Antes de concluir, torna-se pertinente referir, ainda, que há pouca ou nenhuma participação dos alunos na reflexão que antecede ou precede uma investigação experimental, tornando o TP inútil do ponto de vista pedagógico (Hodson, 1994; Del

Carmen, 2000; Giordan, 1998). Os professores tendem a esboçar toda a experimentação antes da aula que os alunos se limitam a seguir, evitando perdas de tempo, o que, segundo Hodson (1994), não passam de estratégias experimentais inadequadas, perigosas ou ineficazes.

Para finalizar, resta acrescentar que para muitos autores (Hodson, 1994; Leite 2000) o TP é, e continua a ser, “sobreutilizado” e “infrautilizado”. Os professores usam as actividades práticas convictos que estas servem para alcançar todos os objectivos pretendidos na aprendizagem, e só em poucas ocasiões se explora completamente o seu potencial (Hodson, 1994). Antes pelo contrário, grande parte das práticas está mal concebida, confusa e carece de valor educacional real (Hodson, 1994). O TP é muitas vezes concebido como uma mera ilustração dos conhecimentos teóricos introduzidos (Gil et al., 1999-b) e, para vários autores, as práticas, nomeadamente as laboratoriais, aparecem como “receitas” que transmitem uma visão deformada e empobrecida das actividades científicas (Gil et al., 1999-b).

Após a apresentação de todos esses constrangimentos relativos ao uso do TP, e conhecendo de antemão as suas potencialidades, resta questionar, o que fazer para melhorar a forma e rentabilidade da sua utilização.

Hodson (1994) apresenta quatro etapas que permitiriam um melhor aproveitamento dessas práticas:

• Identificar as ideias (concepções) e pontos de vistas dos alunos;

• Planear experiências que permitam explorar essas concepções e pontos de vista;

• Proporcionar estímulos que facultem o desenvolvimento ou mudança dessas concepções;

Também Del Carmen (2000) apresenta uma série de etapas que permitem, segundo o autor, aumentar a motivação, favorecer a compreensão dos aspectos teóricos e ensinar técnicas a partir de práticas relativamente simples que podem potenciar aprendizagens de características muito diferentes. São elas:

• Dedicar o tempo necessário à realização da actividade;

• Centrar cada actividade em poucos objectivos e sequenciá-los adequadamente; • Apresentar o problema em que incidirá a actividade, contextualizando-a; • Identificar as concepções dos alunos;

• Executar uma ou mais actividades, conforme as necessidades; • Utilizar correctamente as técnicas experimentais;

• Permitir aos alunos compreender os conceitos teóricos que devem utilizar; • Elaborar um resumo ou uma conclusão no fim da actividade, que serão

transmitidos à turma;

• Promover o intercâmbio de ideias, realização de actividades de síntese, (mapas conceptuais, V de Gowin…) e de actividades de avaliação.

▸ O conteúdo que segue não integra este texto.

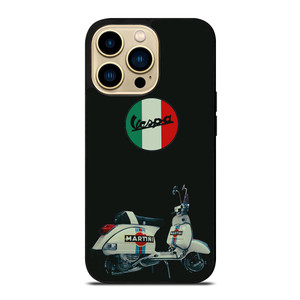 PIAGGIO VESPA X MARTINI RACING iPhone 14 Pro Max Case PIAGGIO VESPA X MARTINI RACING iPhone 14 Pro Max Case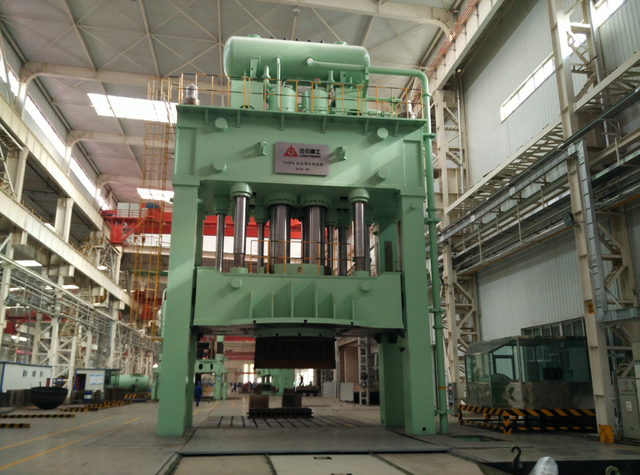 100MN Hydraulic Head Press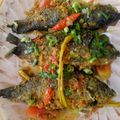 Cooksnap dari Jeanita Siagian untuk resep Pesmol ikan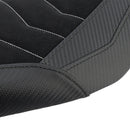 Suzuki V-Strom 250SX (Modelljahre 2024–2025) – Vordersitz-Fahrersitzkissen (unten), rot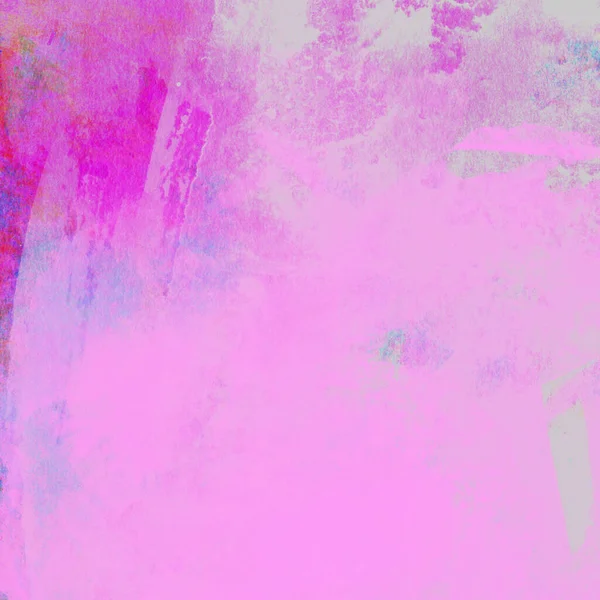 Абстрактный Акварельный Сиреневый Синий Фон — стоковое фото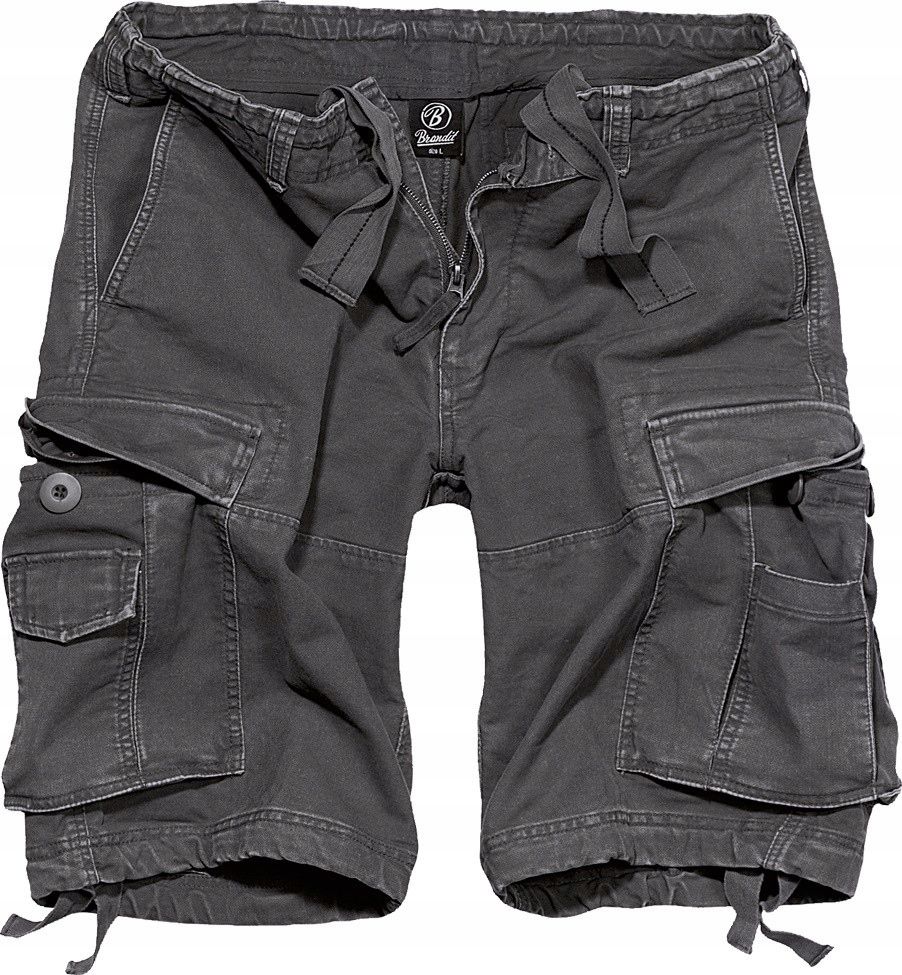  Lühikesed püksid brandit vintage shorts black 2002-2 xl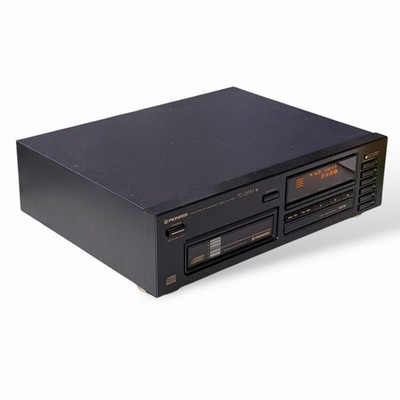 Pioneer PD-Z85M 6 CD Player Multi Changer w/ Cartridge Tested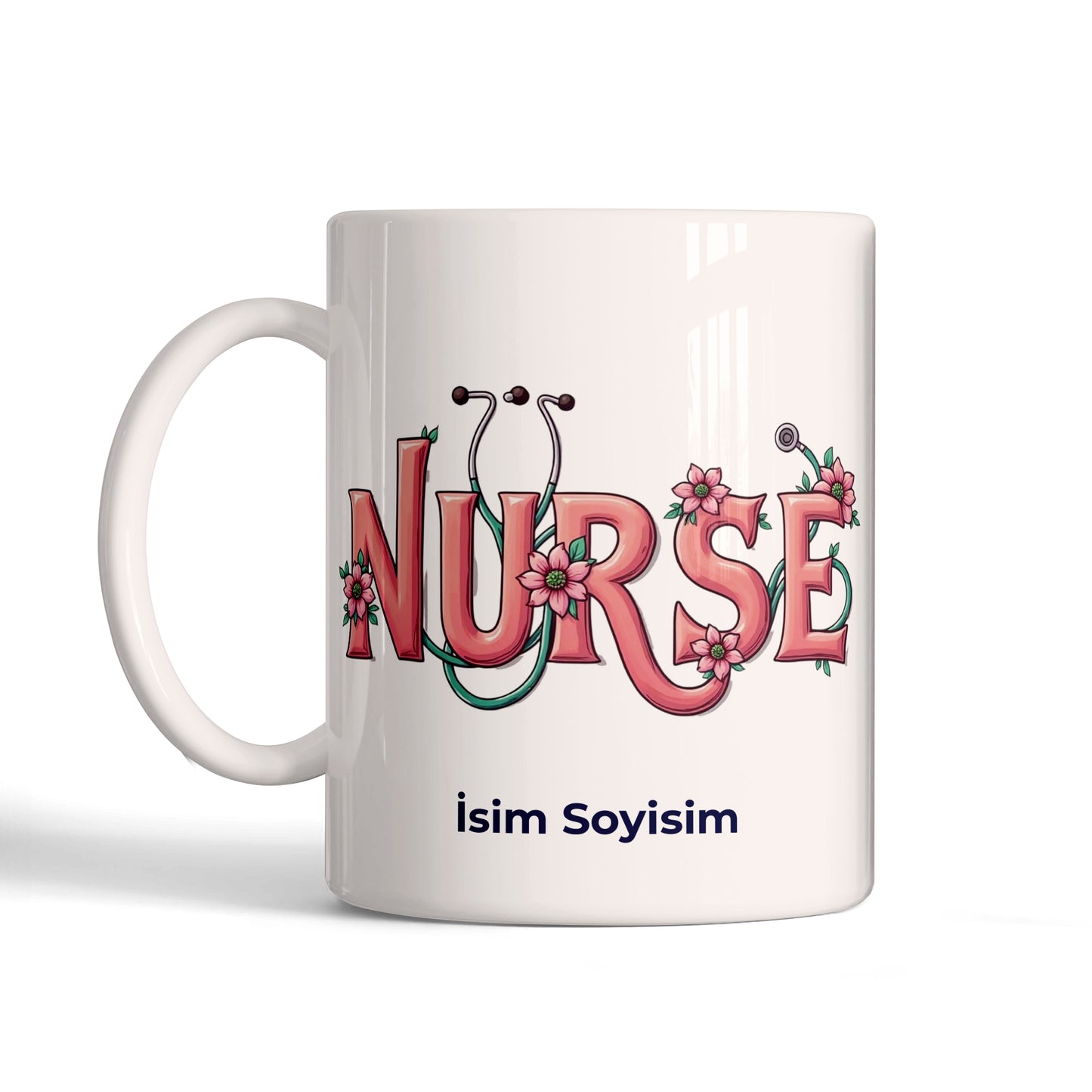 İsime Özel Hemşire Kupası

Em jeito de conclusão, pode-se afirmar que o que é desejável é rentabilizar ao máximo as potencialidades do TP, sendo necessário para isso que os professores estejam cientes que os diferentes tipos de actividades executadas nas aulas têm objectivos e características específicas subjacentes a cada uma delas (Del Carmen, 2000; García Barros, 2000). Deve-se, pois, permitir uma maior interacção dos alunos nas actividades e, principalmente, facilitar a reflexão e o intercâmbio de ideias, investindo mais tempo com os alunos a trabalhar ideias e menos no manejo de instrumentos. Por fim, é importante relembrar que cada professor deverá estar motivado para a utilização do TP de modo

consciente, a fim de proporcionar oportunidades aos alunos para se familiarizarem com o trabalho científico, promovendo uma visão mais adequada da ciência (Miguéns, 1999).

Resta relembrar que não é tanto a quantidade do TP que é importante, mas a sua qualidade. Não deve ser empregue por tradição ou obrigação, mas apenas se servir para melhorar a qualidade da aprendizagem facultada aos alunos (Leite, 2001).